O północy wyszli na zewnątrz, aby popatrzeć na fajerwerki. Usiedli w trójkę na schodach i wpatrywali się w niebo raz po raz rozświetlane wielobarwnymi rozbłyskami.

Kiedy wrócili do domu, Lando otworzył jedną z szafek w kuchni i zapytał:

-To jak, pijemy?

-Znając to, ile my potrafimy wypić, oraz co potem odwalamy, to wiesz... - roześmiał się Carlos.

-Tak, tak, wiem - odparl Lando, stawiając na stole butelkę Prosecco i trzy kieliszki. Rozlał szampan do nich, po czym wzięli je do rąk i wznieśli toast.

-Za to, żeby McLaren zdobył mistrzostwo w następnym sezonie! - krzyknął Lando i wziął łyk napoju.

-Nie no, Ferrari! - zaprotestował Carlos.

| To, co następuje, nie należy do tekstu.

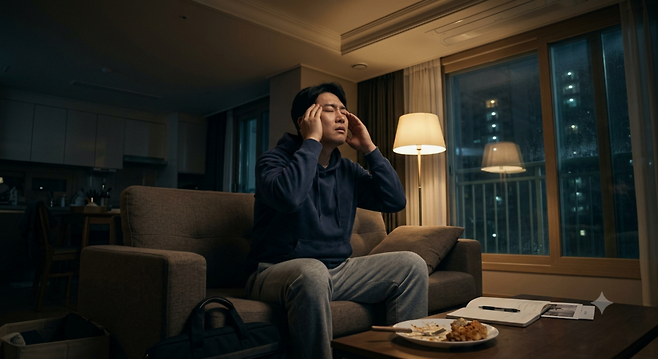 ▲ 수원에 거주하는 회사원 윤모(32)씨는 최근 이사를 고민하는 가장 큰 이유로 '층간소음'을 꼽았다. /오픈AI의 생성형 인공지능 재미나이로 만든 이미지.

-Dobrze wiecie, że i tak wygra Red Bull albo Mercedes - sprowadziła ich na ziemię Annabeth. Niechętnie jej przytaknęli.

Po całej butelce szampana, a Lando i Carlos jeszcze po jakichś innych wynalazkach, wszyscy leżeli w losowych miescach w salonie i raz po raz próbowali coś do siebie gadać, ale wychodził z tego niebzyt składny bełkot. Po jakimś czasie Lando wstał, podszedł do Carlosa śpiącego na kanapie i położył się obok, wtulając się w niego oraz przytulając do siebie butelkę po jakimś trunku. Annabeth uśmiechnęła się lekko, widząc ich. W którymś momencie urwał jej się film i zasnęła.